**DATA**:
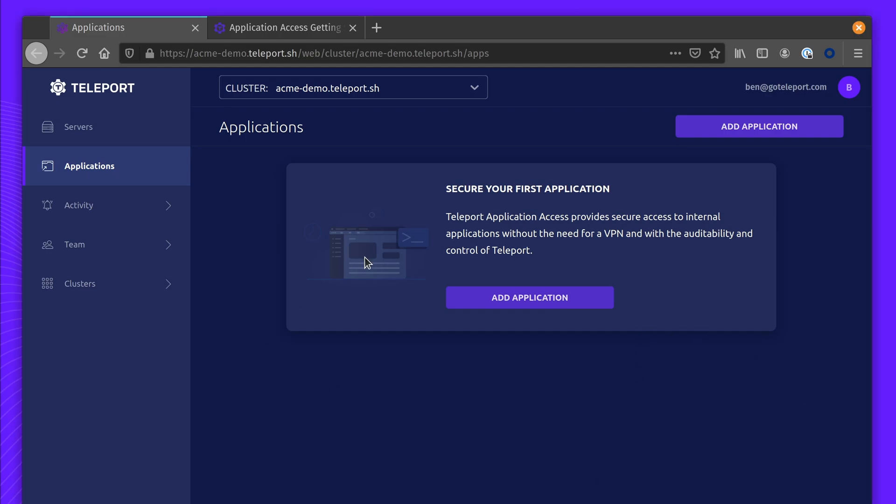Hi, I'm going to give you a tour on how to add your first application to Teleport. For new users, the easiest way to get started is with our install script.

* * *

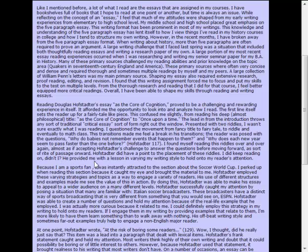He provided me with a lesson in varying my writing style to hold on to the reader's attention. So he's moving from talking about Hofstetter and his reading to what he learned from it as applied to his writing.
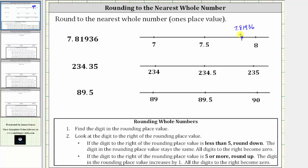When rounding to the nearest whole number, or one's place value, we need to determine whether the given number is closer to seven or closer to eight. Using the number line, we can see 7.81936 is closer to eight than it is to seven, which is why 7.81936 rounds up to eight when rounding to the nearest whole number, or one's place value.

---

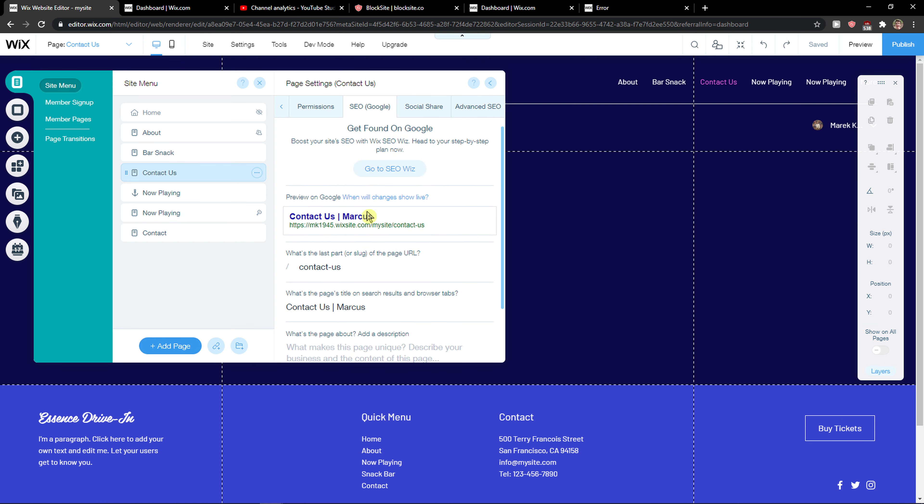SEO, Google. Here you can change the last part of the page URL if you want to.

**WHAT TO DO**:
Although pictures appear among the entries, please set down only the lines from the one with "He provided me" up to and including the one with "one's place value.", word for word.

**EXERCISE RESPONSE**:
He provided me with a lesson in varying my writing style to hold on to the reader's attention. So he's moving from talking about Hofstetter and his reading to what he learned from it as applied to his writing.
When rounding to the nearest whole number, or one's place value, we need to determine whether the given number is closer to seven or closer to eight. Using the number line, we can see 7.81936 is closer to eight than it is to seven, which is why 7.81936 rounds up to eight when rounding to the nearest whole number, or one's place value.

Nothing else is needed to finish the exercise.